**TASK INPUT:**
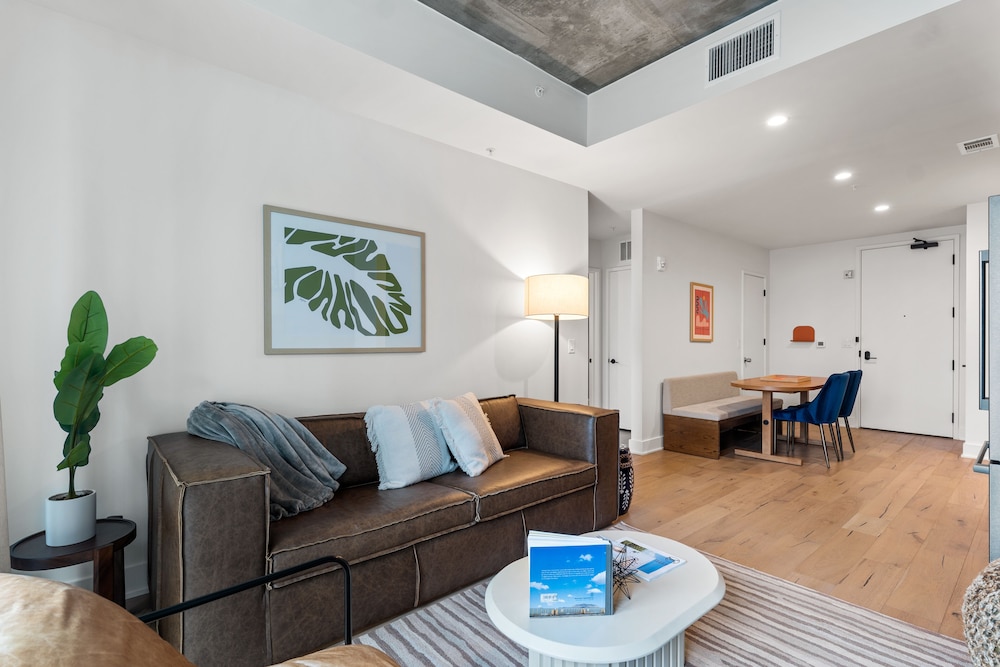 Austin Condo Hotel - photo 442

---

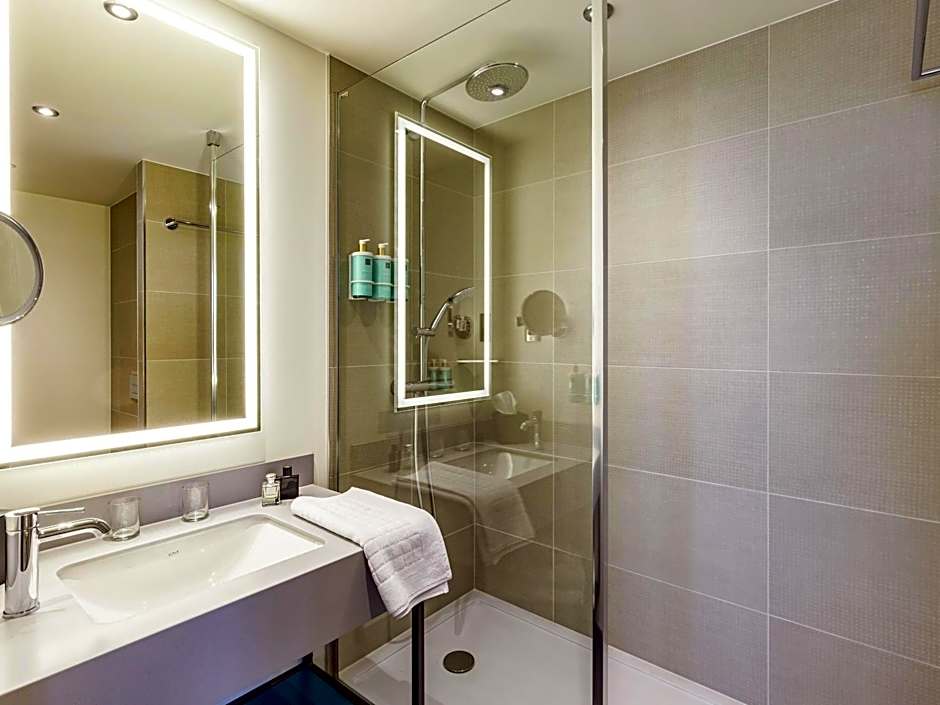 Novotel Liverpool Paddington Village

...

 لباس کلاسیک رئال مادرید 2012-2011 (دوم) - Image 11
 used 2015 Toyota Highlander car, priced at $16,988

**AIM OF THE EXERCISE:** Could you restate word for word the lines above from the one containing "لباس کلاسیک رئال" through the one containing "used 2015 Toyota", both included, and nothing else?

**RESPONSE TO THIS TASK:**
 لباس کلاسیک رئال مادرید 2012-2011 (دوم) - Image 11
 used 2015 Toyota Highlander car, priced at $16,988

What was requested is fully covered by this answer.